Prometheus Operator Failure Modes¶
Coverage¶
| Injection Type | Danger | Experiment | Description |
|---|---|---|---|
| PodKill | low | prometheus-operator/pod-kill.yaml | Killing the prometheus-operator pod triggers a Deployment rollout. |
| NetworkPartition | medium | prometheus-operator/network-partition.yaml | Isolating the operator from the API server stalls Prometheus reconciliation. |
| LabelStomping | high | prometheus-operator/label-stomping.yaml | Overwriting a label on the operator Deployment. |
| QuotaExhaustion | high | prometheus-operator/quota-exhaustion.yaml | Applying zero-limit ResourceQuota prevents new pod creation. |
| RBACRevoke | high | prometheus-operator/rbac-revoke.yaml | Revoking ClusterRoleBinding blocks Prometheus resource management. |
| DeploymentScaleZero | high | prometheus-operator/deployment-scale-zero.yaml | Scaling operator to zero replicas. |
Experiment Details¶
prometheus-operator¶
prometheus-operator-pod-kill¶
- Type: PodKill
- Danger Level: low
- Component: prometheus-operator
Killing the prometheus-operator pod triggers a Deployment rollout. Running Prometheus and Alertmanager instances continue serving metrics. Reconciliation of ServiceMonitor and PrometheusRule changes stalls until the operator recovers.

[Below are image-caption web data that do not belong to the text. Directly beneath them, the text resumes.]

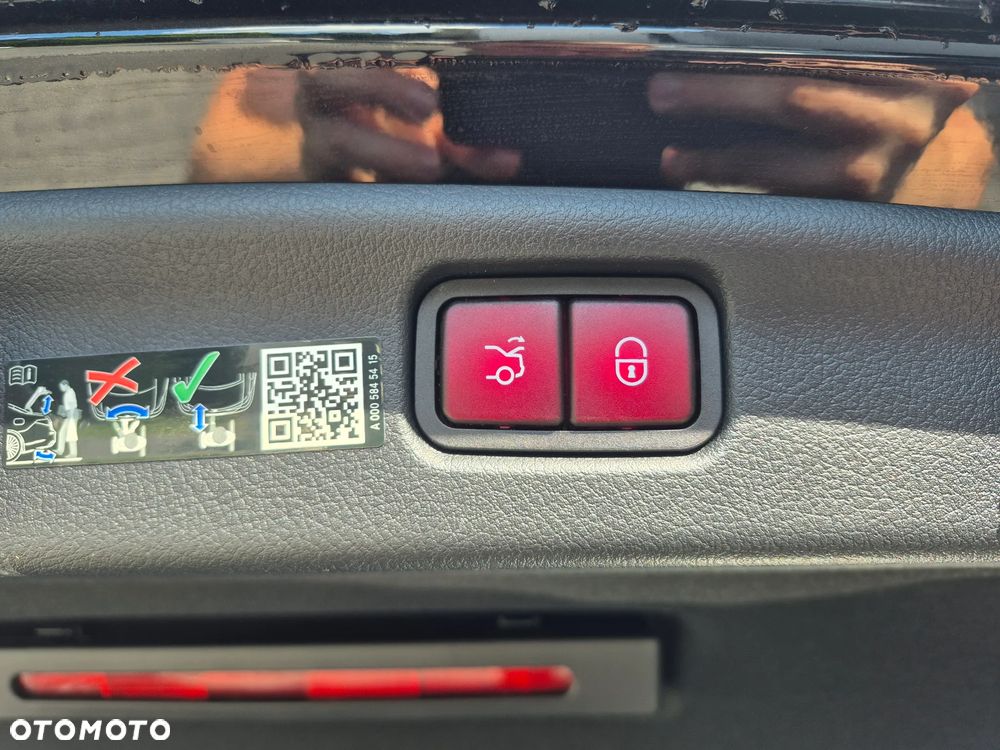 Mercedes-Benz Klasa C 200 4MATIC 9G-TRONIC - 28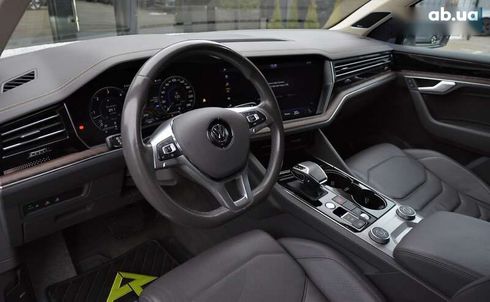 Volkswagen Touareg 2019 - фото 24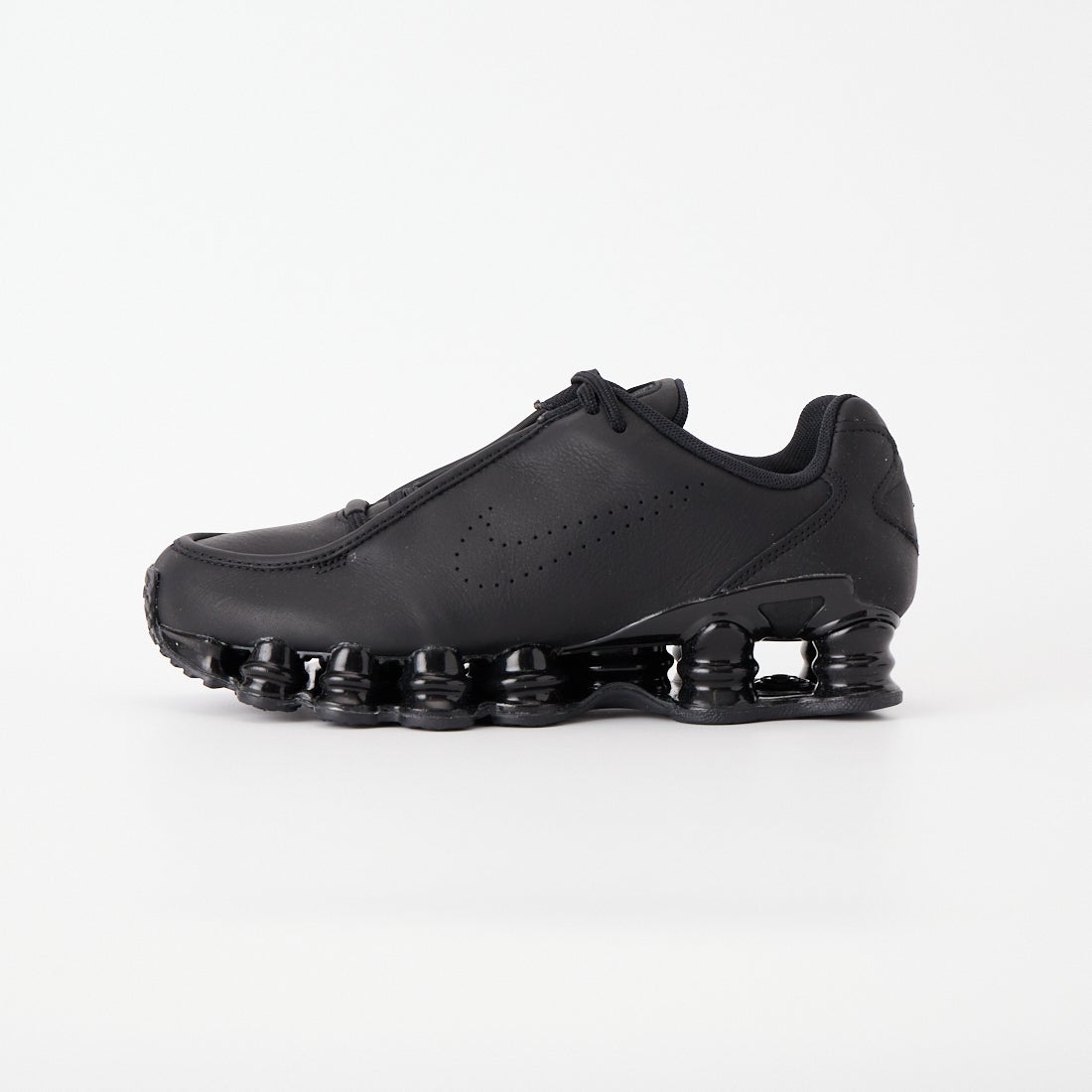 001 BLACK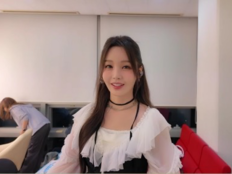 남규리, 15년 만에 음방 복귀…“아이돌 정말 리스펙트”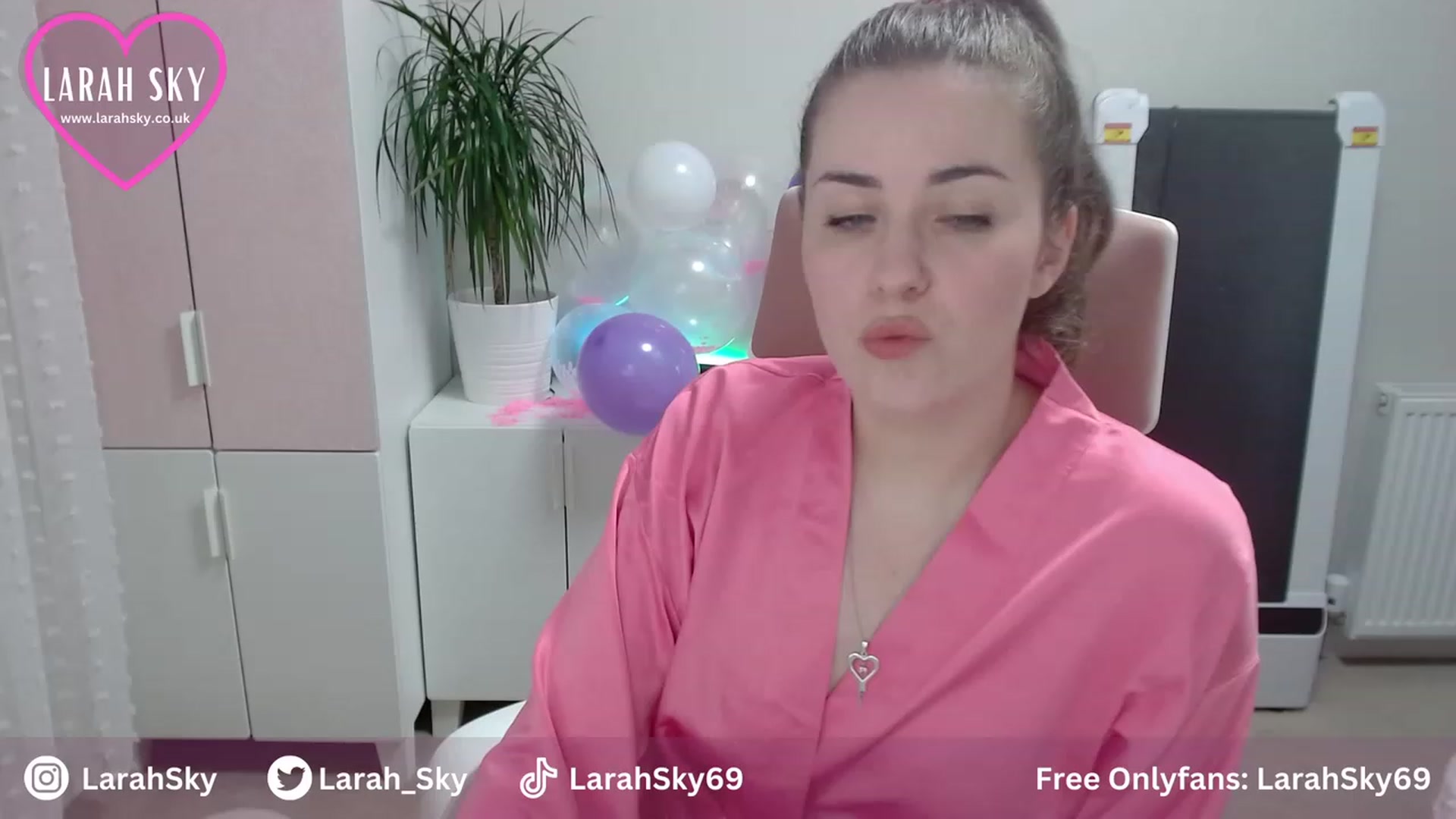 Gallery image thumbnail from Larah_Sky's myfreecams stream on, 06/25/2023, 21:20 image 3 of 20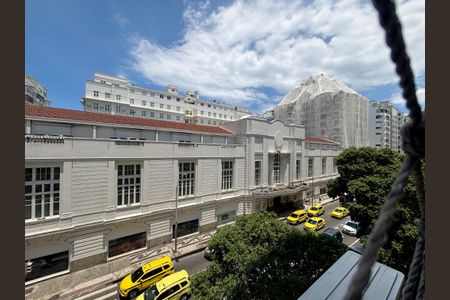 Apartamento para alugar com 135m², 3 quartos e sem vagaSala - vista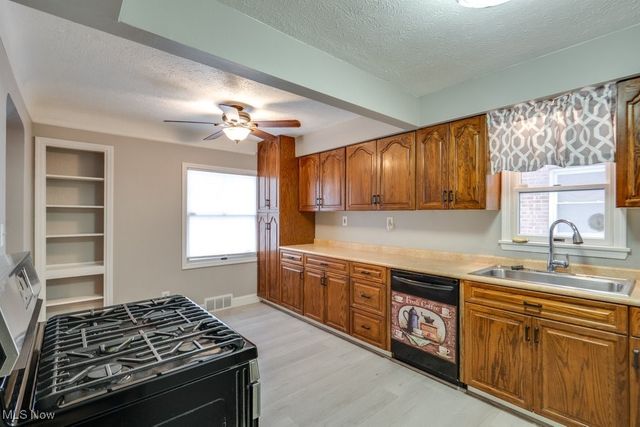 6506 Orchard Avenue, Parma, OH 44129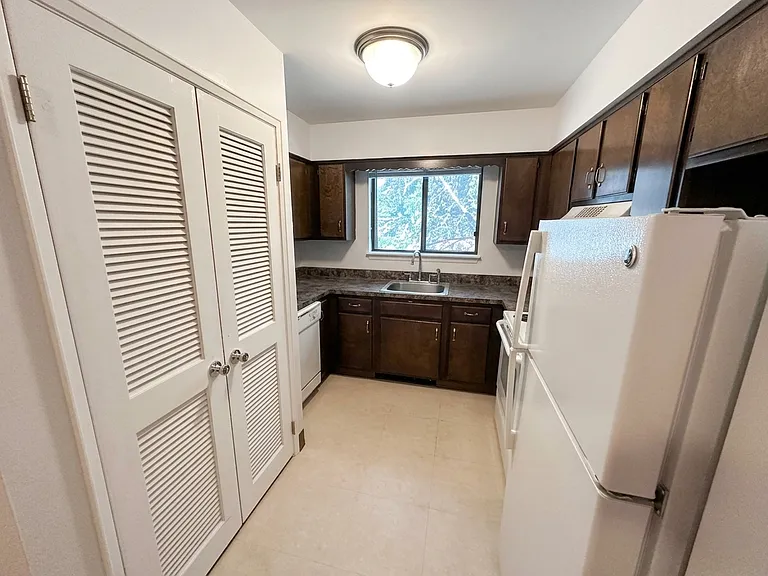 127 Gales Dr #B14 — Photo 6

prometheus-operator-network-partition¶
- Type: NetworkPartition
- Danger Level: medium
- Component: prometheus-operator
Isolating the operator from the API server stalls Prometheus configuration reconciliation. Existing Prometheus instances continue scraping and serving queries. After the partition is lifted, the operator reconnects and processes backlogged events.
prometheus-operator-label-stomping¶
- Type: LabelStomping
- Danger Level: high
- Component: prometheus-operator
Overwriting a label on the operator Deployment tests whether cluster-monitoring-operator detects and restores the label.

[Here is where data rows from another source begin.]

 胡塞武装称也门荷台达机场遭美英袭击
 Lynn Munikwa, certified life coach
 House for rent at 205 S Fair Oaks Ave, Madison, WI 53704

prometheus-operator-quota-exhaustion¶
- Type: QuotaExhaustion
- Danger Level: high
- Component: prometheus-operator
Applying a zero-limit ResourceQuota prevents new pod creation. The chaos framework removes the quota via TTL-based cleanup.
prometheus-operator-rbac-revoke¶
- Type: RBACRevoke
- Danger Level: high
- Component: prometheus-operator
Revoking the operator's ClusterRoleBinding blocks Prometheus and Alertmanager resource management. After rollback, reconciliation resumes.
prometheus-operator-deployment-scale-zero¶
- Type: DeploymentScaleZero
- Danger Level: high
- Component: prometheus-operator
Scaling the operator Deployment to zero replicas. cluster-monitoring-operator restores the replica count.